--- Source information Enclosed Below ---

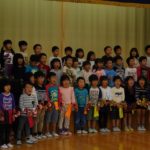 DSCN1134_ks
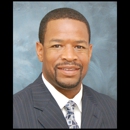 Barry Hoskins - State Farm Insurance Agent - Homeowners Insurance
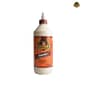 Gorilla PVA Wood Glue 1 Litre - 5044361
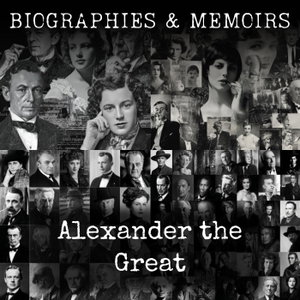 Alexander the Great
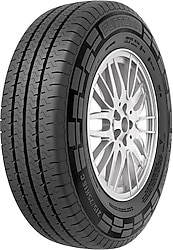 Funtoma VanFun 195/60 R16C 99/97T Yaz Lastiği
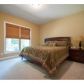 310 Everleigh Court, Marietta, GA 30064 ID:8556893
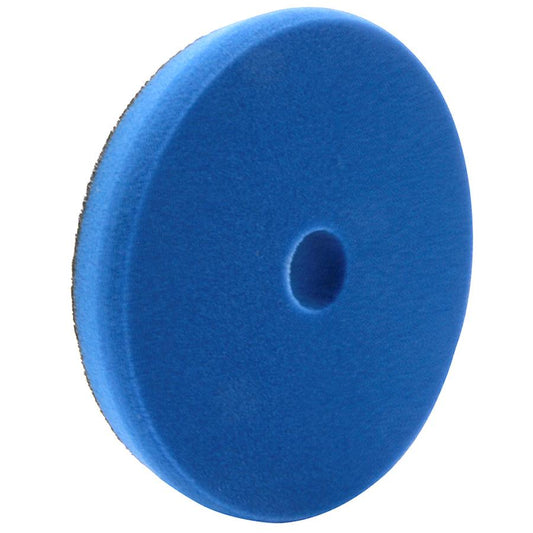 Lake Country SDO Blue Heavy Cutting Pad - 6.5"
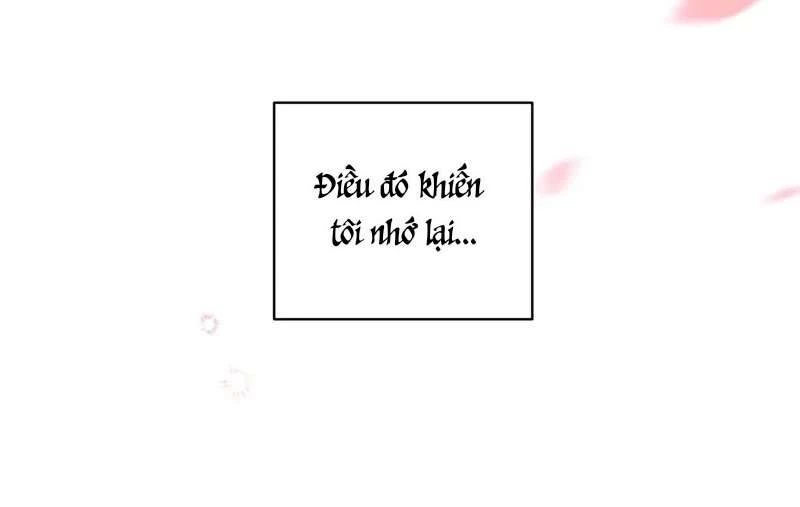 Một Ngày Nọ Bỗng Dưng Cha Xuất Hiện Chapter 24 - 24
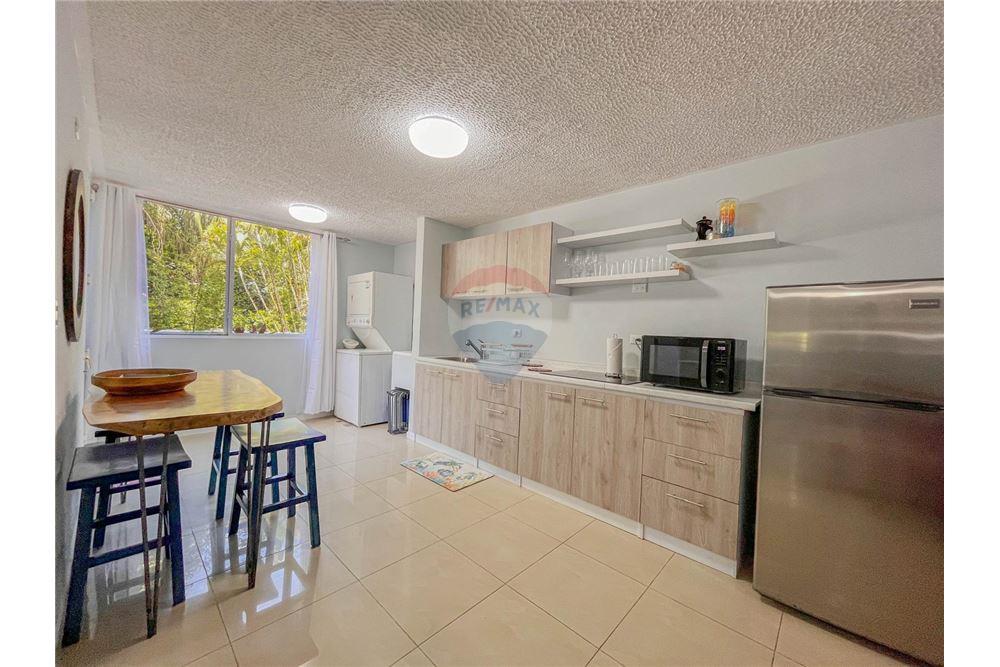 住宅 - 别墅 - Jaco - Jaco, Puntarenas- Garabito, 哥斯达黎加 - Caribbean & Central Ameri - 3 - 90168024-44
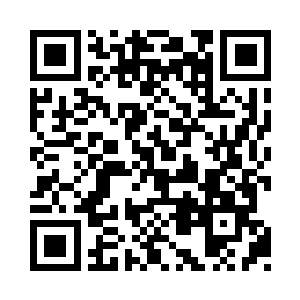 下一秒李公公就死了……有死的这么迅速的吗二维码生成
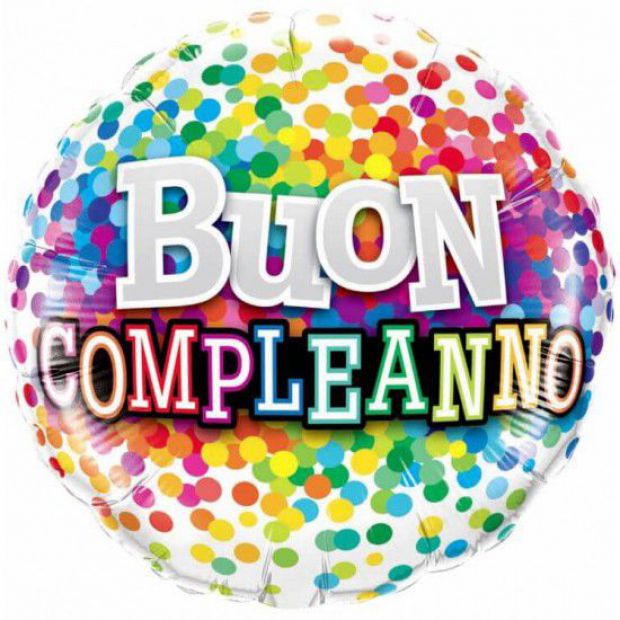 Buon Compleanno Mattia Noixvoi24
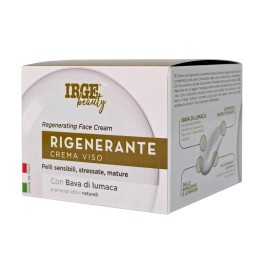 BDZ CREMA VISO 50 ML RIGENERANTE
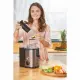 Black & Decker BXJE600E #5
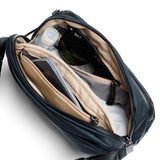 Transit Sling 5 L - Laukku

--- End of Enclosed Source information ---

Task:
Without including any pictures, reproduce the data exactly.

Expected answer:
 DSCN1134_ks
 Barry Hoskins - State Farm Insurance Agent - Homeowners Insurance
 Gorilla PVA Wood Glue 1 Litre - 5044361
 Alexander the Great
 Funtoma VanFun 195/60 R16C 99/97T Yaz Lastiği
 310 Everleigh Court, Marietta, GA 30064 ID:8556893
 Lake Country SDO Blue Heavy Cutting Pad - 6.5"
 Một Ngày Nọ Bỗng Dưng Cha Xuất Hiện Chapter 24 - 24
 住宅 - 别墅 - Jaco - Jaco, Puntarenas- Garabito, 哥斯达黎加 - Caribbean & Central Ameri - 3 - 90168024-44
 下一秒李公公就死了……有死的这么迅速的吗二维码生成
 Buon Compleanno Mattia Noixvoi24
 BDZ CREMA VISO 50 ML RIGENERANTE
 Black & Decker BXJE600E #5
 Transit Sling 5 L - Laukku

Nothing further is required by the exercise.